I concur with aaaa's comment that Bomb isn't strong enough for the results to be meaningful. For example, one strategic tendency of Bomb is that it prefers to group its camel and both horses all around the same trap. This is sometimes a good attacking idea, but more often is a liability because it leaves a weak side. (Arimaabuff exploited this weakness of Bomb's, among many others, in his record-setting handicap game.) In many games Bomb never achieves this clumping of strong pieces, because they are split in the setup, and the opportunity to rearrange them never arises, but the tendency is nevertheless there.

If Silver has an inherent advantage, it must be due to having the second setup. Let's say, for example, that Silver can gain tempo by placing a camel on one wing and both horses on the other, but Gold cannot. In order to gain an advantage from unbalanced forces like this, Silver must be willing to dart forward with with his camel when Gold's elephant is preoccupied on the other side, and jump back to safety when the gold elephant crosses or threatens to cross. Bomb does not do this: it keeps its camel safe except in extreme situations. If you forced Bomb to start with M on one side and HH on the other, it would only make it easier than usual for Bomb to achieve the MHH clumping all on one side.
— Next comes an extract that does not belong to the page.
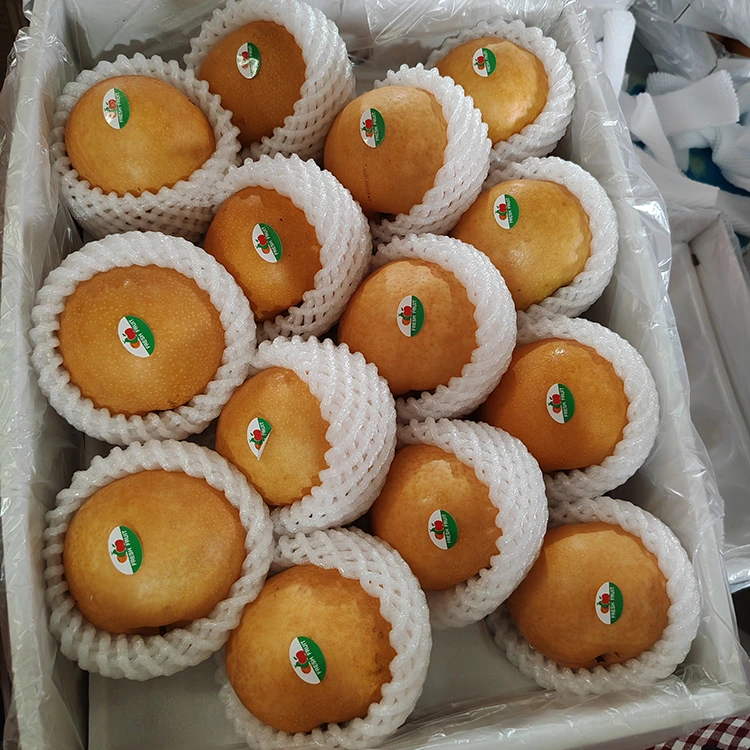Premium Shingopäron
Similar objections occur around rabbit placement in the setup. Perhaps swarming is good in some situations and bad in others. However, Bomb does not swarm. You can force it to set up its rabbits however you like, but it still won't swarm. It won't play differently if a different situation demands it.

In short, forcing Bomb to play from different Silver setups will not be a good indicator of the value of the second setup. Ultimately, if such a test measures anything at all, it will measure the value of the initiative of the first move, and even that will be questionable.